LatIPnet made possible for Dr. Meyyappan to have a virtual encounter with an audience of more than 300 people in Guanajuato, including university and high-school students.
Thanks to this videoconference, local universities are exploring the possibility of conducting nanotechnology workshops in high schools in Guanajuato, several research centers in Guanajuato, such as CIO and CIMAT are building research partnerships with NASA and
other Silicon Valley key players in order to conduct research in nanotechnology with applications in lithium batteries, solar energy and other clean technologies.
Launched Feel the Science, a multisensory science education program for blind children
Dr. Cristina Reynaga (CINVESTAV is the Center of Research and Advanced Education of the National Polytechnic Institute, Monterrey, Mexico) and her “Feel the Science” team developed 3-D tactile models using textures, colors, temperature and other features so that blind children could perceive and understand the science materials solely through the sense of touch.
LatIPnet initially helped Dr.

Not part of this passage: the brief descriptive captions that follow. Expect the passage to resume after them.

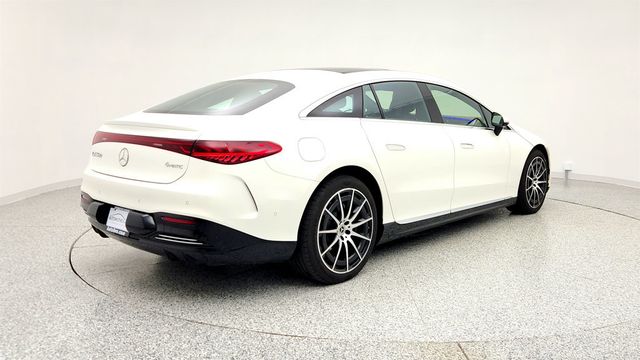 2023 Mercedes-Benz EQS EQS 580 4MATIC Sedan, Exclusive with MBUX HUD & Laminated Glass - 22971172 - 4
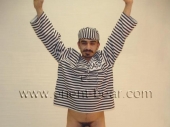 Junus S. - a young turk with a rock hard **** plays a Naked Turkish Prisoner in a **** turkish **** video. (id93)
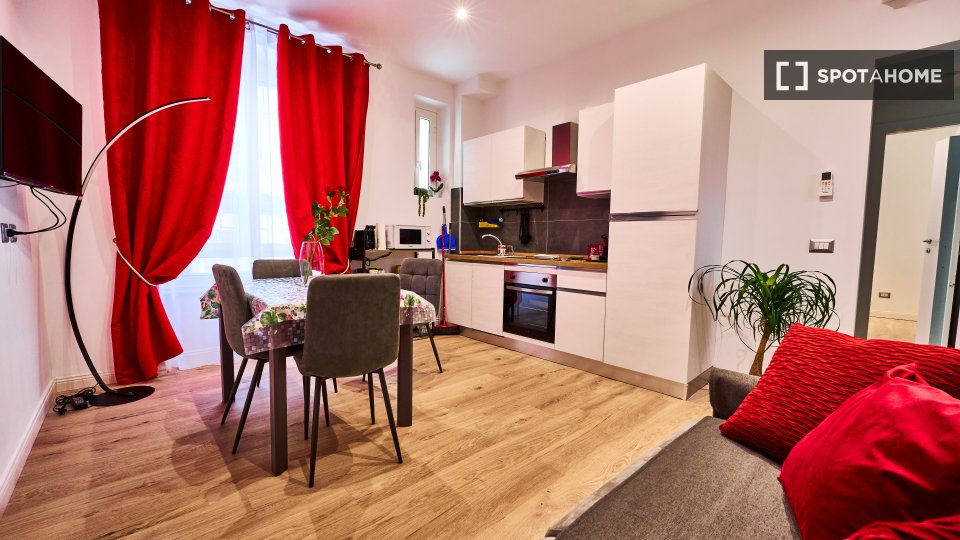 Apartment Rome, 1 bed, 55m² — photo 5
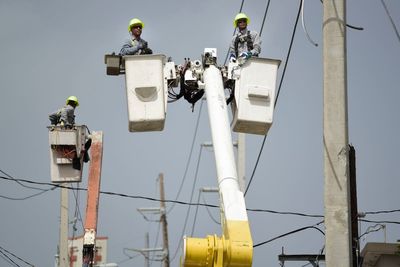 US to modernize, speed up work on Puerto Rico power grid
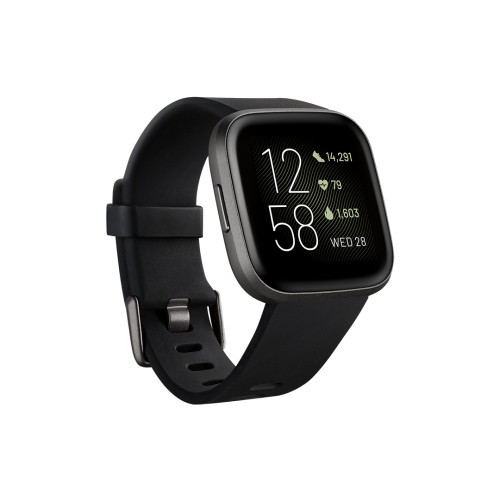 Fitbit Versa 2 išmanusis laikrodis, NFC, OLED, Jutiklinis ekranas, Širdies ritmo monitorius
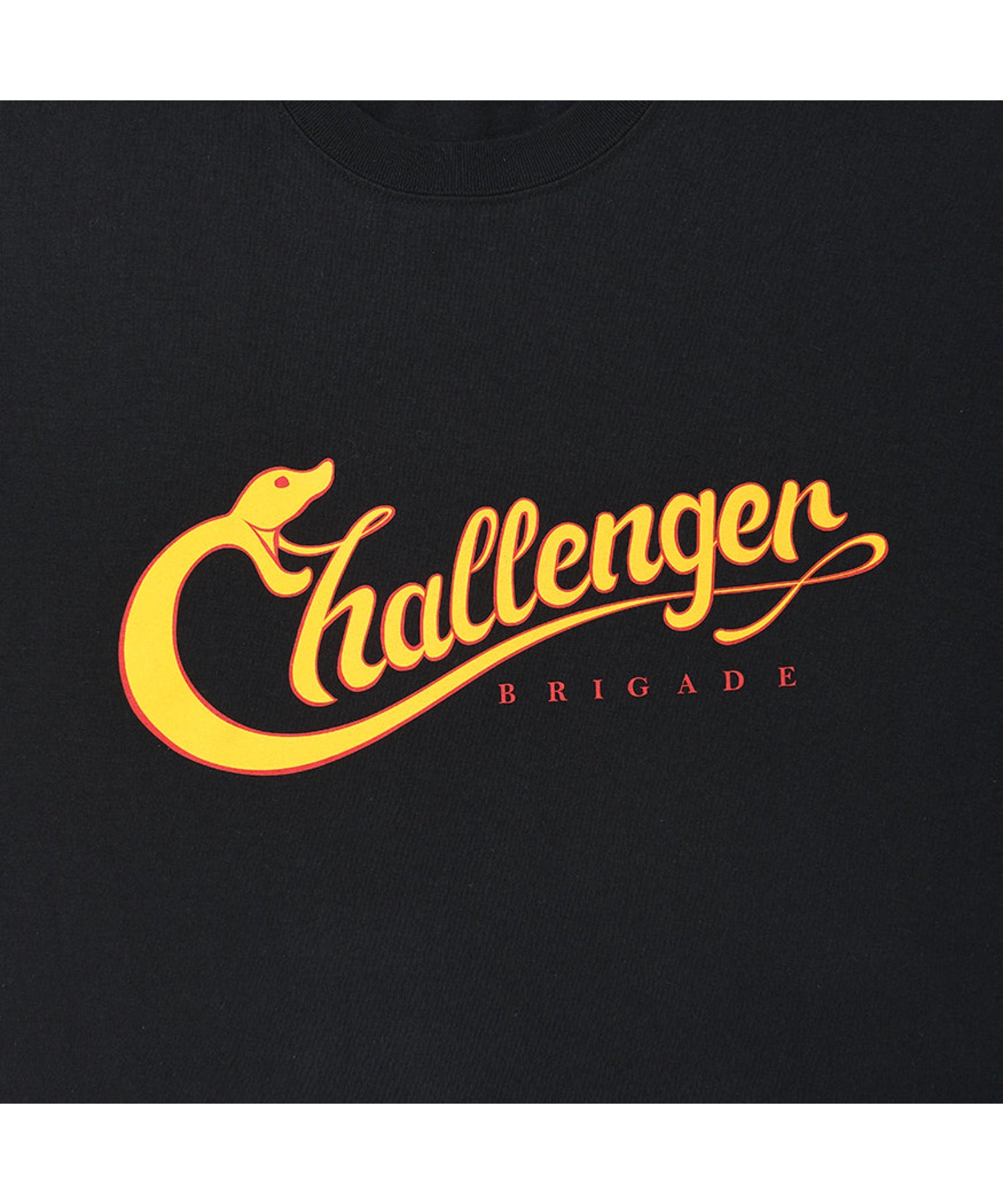 L/S SNAKING LOGO TEE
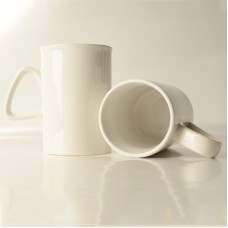 10oz White Mug with Straight Walls - Box of 36pcs 10oz White Mug with Straight Walls - Box of 36pcs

Reynaga to obtain a patent for her novel methodology in 2009. Since then, LatIPnet has helped her gain access to resources and organizations across the world in order to foster her didactic work and to turn Feel the Science from a local project into a global solution.
LatIPnet first put Cristina in touch with researchers from NASA Ames Research Center and the prestigious SRI International, both based in Silicon Valley. These organizations have a great interest in haptic perception, or perception through touch, and when they heard about the interactive multisensory workshops organized by Cristina they immediately became interested. Since then Cristina has maintained a continuous dialogue with researchers at the Center for Technology in Learning at SRI International about the potential of her program and about the strategy to expand it to the United States. These contacts have also helped Cristina to bring her work to other organizations in California such as the Exploratorium in San Francisco, The Tech Museum in San Jose, and the Center for Science and Technology and Society at the Santa Clara University. Cristina spent a year (2011-2012) at the Lawrence Hall of Science, University of California, Berkeley, further developing her initiative with several collaborators in the US.